Il giovane che abbandona la scuola è, nella maggior parte dei casi, maschio, appartenente agli strati sociali più bassi e, dato interessante, bianco. Gli immigrati infatti, quando possono permetterselo, tentano di raggiungere il più alto livello d’istruzione possibile. Per gli italiani, invece, il più delle volte l’istruzione appare come un servizio accessorio di cui si può fare a meno. La maggior parte dei ragazzi che abbandonano, inoltre, sono solitamente affetti da qualche piccolo disturbo dell’attenzione o da qualche forma di ansia non compresa dal corpo docente. Anzi, il più delle volte sono proprio i docenti ad esacerbare simili problemi fino al limite della sopportazione.
I ragazzi infatti non decidono di abbandonar la scuola da un giorno all’altro. L’abbandono è solitamente conseguenza di un lento percorso di disaffezione e allontanamento che né i professori né i percorsi didattici, in generale, tentano di arginare. La scuola agisce facendo valere la sua obbligatorietà. Senza tentare di offrire stimoli e agevolazioni ai ragazzi che si trovano in situazioni difficili. L’obbligatorietà però non è sufficiente se i giovani non sono spinti ad apprezzare ciò che viene offerto loro.
Per fare un esempio dell’assurdo: il fatto che sia obbligatorio il non commettere reati non spinge determinate categorie di persone a non compierli. Offrire a queste persone una valida alternativa al crimine, però, potrebbe fare la differenza. La scuola, quindi, dovrebbe essere un po’ più costruita sui bisogni degli alunni e un po’ meno sull’idea che “in ogni caso il giovane è costretto ad accedervi”.
La drammatica situazione attuale
Offrire un sostegno concreto ai giovani a rischio di abbandono è quasi impossibile. E’ impossibile quando ci troviamo davanti a delle classi troppo numerose, con professori sottopagati che non ricevono alcuna formazione per quanto riguarda la prevenzione di un simile problema. Anche in caso di adeguata preparazione del corpo docenti, le classi pollaio impediscono di dedicare ai casi critici le dovute attenzioni che meritano. Chi non riesce a stare al passo è quindi lasciato indietro.

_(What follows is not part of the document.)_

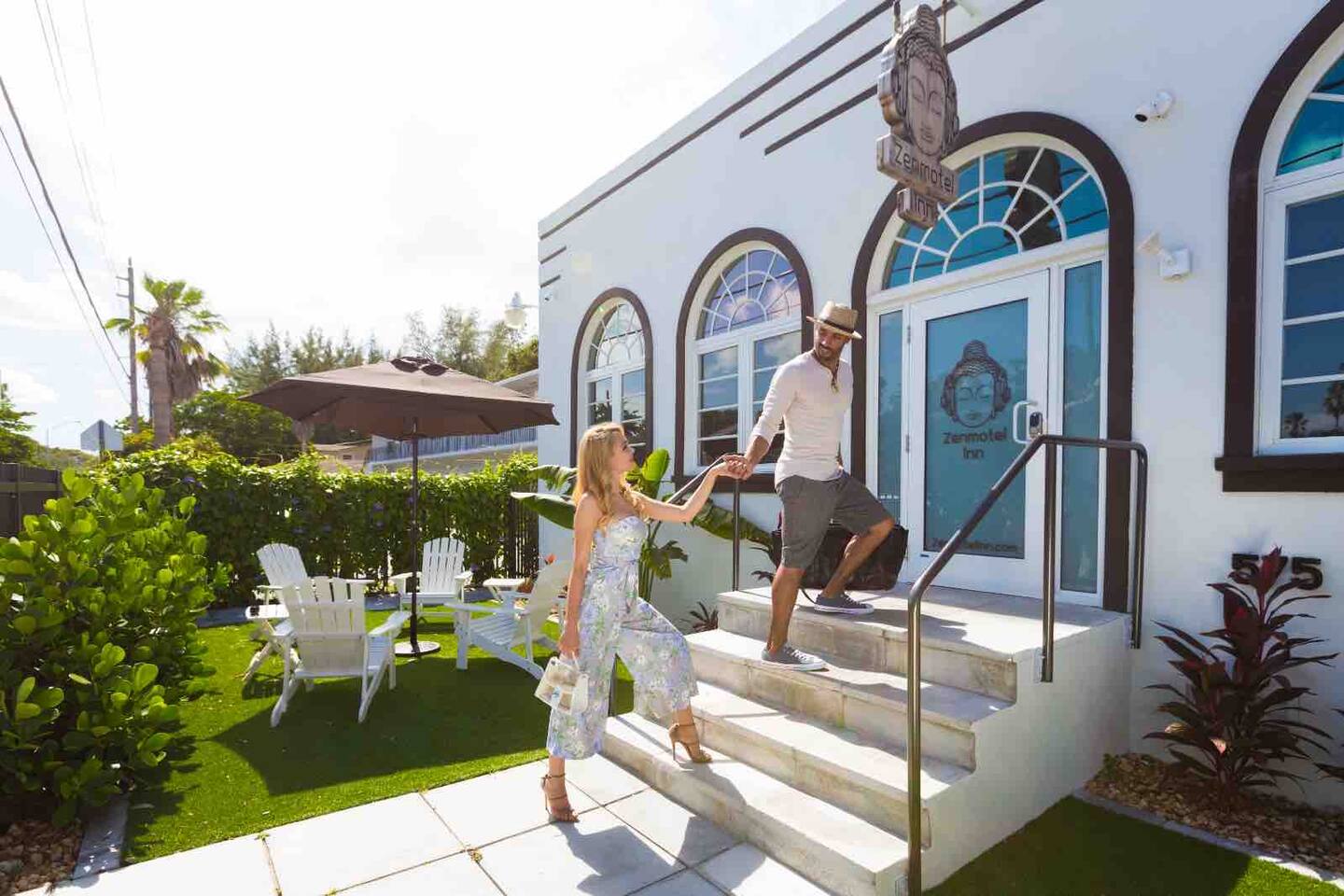 Stylish Hotel Room in Historic District (3Z)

La scuola e lo stato dovrebbero quindi svegliarsi dal loro secolare torpore, per cominciare ad elaborare un’istruzione “aperta“, che non si fermi al semplice apprendimento nozionistico mischiato alla verifica delle competenze. Potrebbero servire, infatti, corsi di reinserimento (attualmente pochi e mal funzionanti) o attività extracurricolari che avrebbero il beneficio di incrementare la fiducia e l’autostima degli studenti in difficoltà. Il più delle volte, infatti, la scuola contribuisce a demolire questa autostima.
Tutti noi abbiamo in mente quel ragazzo che veniva in classe con noi, magari brillante ma incapace di applicarsi nello studio e che, ad ogni insufficienza, veniva demoralizzato, davanti a tutta la classe, dalle parole del professore. Come possiamo attenderci che un giovane costretto a subire simili bastonate dai tempi delle scuole medie abbia voglia di continuare fino al diploma? Con questo ovviamente non voglio negare ai professori la libertà di bacchettare i proprio studenti, voglio semplicemente ricordare che, accanto alla bacchettata, si deve sempre associare il sostegno, e questo è proprio ciò che manca.